I am trying to use the make.sra command in order to submit the necessary files to NCBI. I am running into an issue because practically all the sequences wind up in the scrap document.
Here is the basic path I followed. I sequenced using Illumina MiSeq and combined the forward and reverse reads (that were in two fastq files) using make.contigs. I combined the resulting fasta and qual files for the reads back into a fastq file using make.fastq. I made an oligo file with the barcodes and the subset of samples that I wanted in the final file. Then I created a mimark file (.tsv) using that oligo file using the make.mimark command and then went in and put in the necessary information. Finally, I created a project file (.project) and put in the necessary information for that. Then I used those four files in the make.sra command.

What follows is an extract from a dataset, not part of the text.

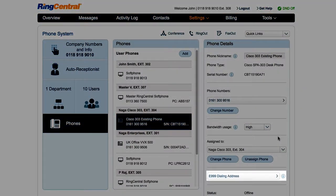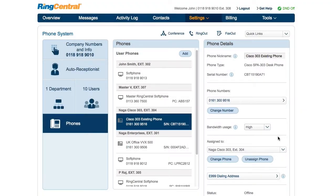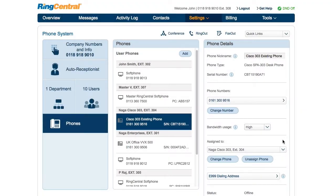Third is the E999 address. This is the address that goes to the emergency dispatch when someone dials 999 from this phone, so it's important. This is also the page you would come to in order to reassign a phone or unassign one whenever an employee leaves the company.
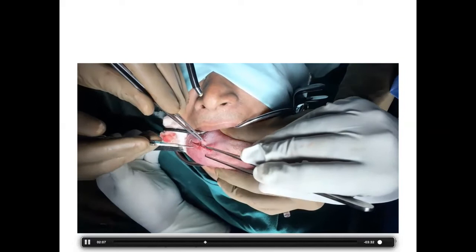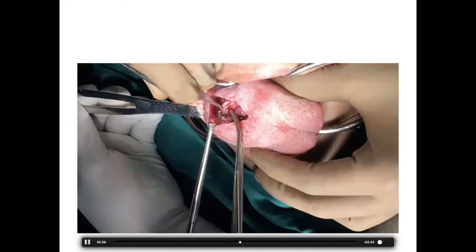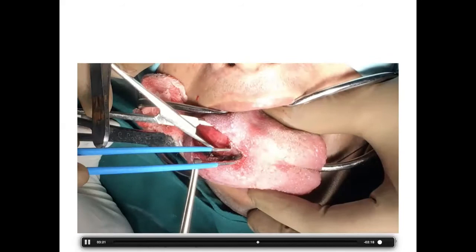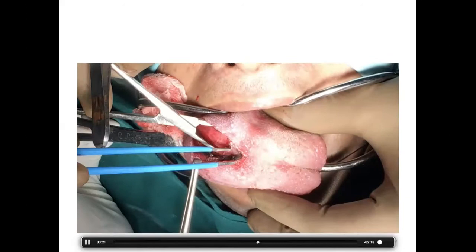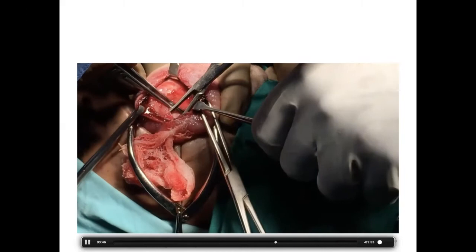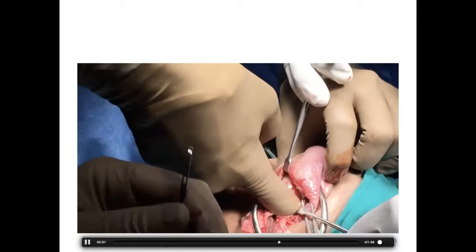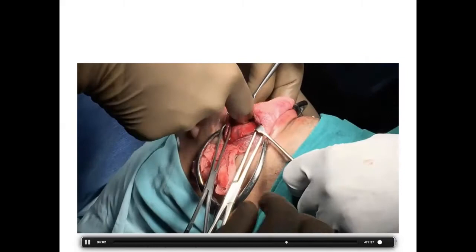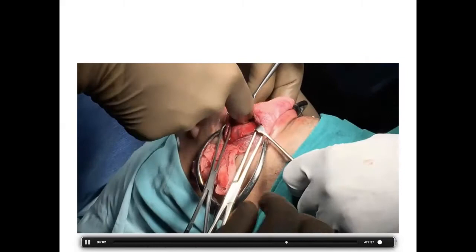We alternatively used monopolar and coblator, then at the capsule used bipolar or coblator — bipolar for big vessels, coblator for medium-sized vessels. We meticulously created a plane, including finger dissection to palpate the lingual artery. Once confirmed the lingual artery was medial to the swelling, we proceeded with further dissection.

I am not sure which part is causing the confusion or if I have used an incorrect file type. Any advice would be greatly appreciated.
There is a comment about the quality scores output by make.contigs at the bottom of the corresponding wiki page. If I understand it well, it’s not correct to re-make a fastq file from them.

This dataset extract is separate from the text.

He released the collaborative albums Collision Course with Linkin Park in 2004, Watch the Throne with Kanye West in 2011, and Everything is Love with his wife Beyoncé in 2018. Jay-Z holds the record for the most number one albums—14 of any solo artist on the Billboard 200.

Thanks for your reply. Then how do I input a fastq file?
Unfortunately, I don’t know… I am trying to prepare a dataset to submit to the SRA and I can’t figure out how to do it… I got the metadata file OK, but for the sequence file itself I’m stuck.

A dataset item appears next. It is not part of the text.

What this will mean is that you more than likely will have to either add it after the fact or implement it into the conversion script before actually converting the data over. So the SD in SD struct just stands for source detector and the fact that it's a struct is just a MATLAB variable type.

You are correct the quality scores outputted by the make.contigs command cannot be used to create a new fastq file. The make.sra file is expecting the fastq files you inputted into make.contigs. Have you tried that?
I see. I guess my question now is how I go about separating out the fastq files that I put into make.contigs. I have a couple of projects that I sequenced all at once and I needed to sort through them by the barcodes.
Thanks for your response.
Sarah’s answer to my post should help you How to prepare data for SRA submission? You need to prepare the list of sequences to exclude (.bad.accnos) from your fastq files and use remove.seqs to delete them from your fastq files (with the parameter accnos=.bad.accnos). remove.seqs will output a *.pick.fastq that you can use with make.sra and submit to SRA.
But I think that only removes certain sequences. I want to remove entire groups when they aren’t in their groups yet.
To remove entire groups in make.contigs or make.sra, set the group name to ‘ignore’ in the oligos file.
Thanks. That helps me to sort out how to remove groups.
So now I have a file that lists my forward fastq file, my reverse fastq file, the fastq index file (that shows what barcodes go with what sequence), and then states ‘NONE’; I have an oligo file that says ‘barcode’, then the sequence for that barcode, and then either says ‘ignore’ or the group name; I have a project file; and finally I have the mimark .txt file.
However, when I try to run it says ‘[ERROR]; Could not open’ over and over and everything winds up in the scrap folder. I am worried that this is because of the file that lists my various fastq files. I only have 1 line and I am not sure this is correct.
Thanks again for your help thus far.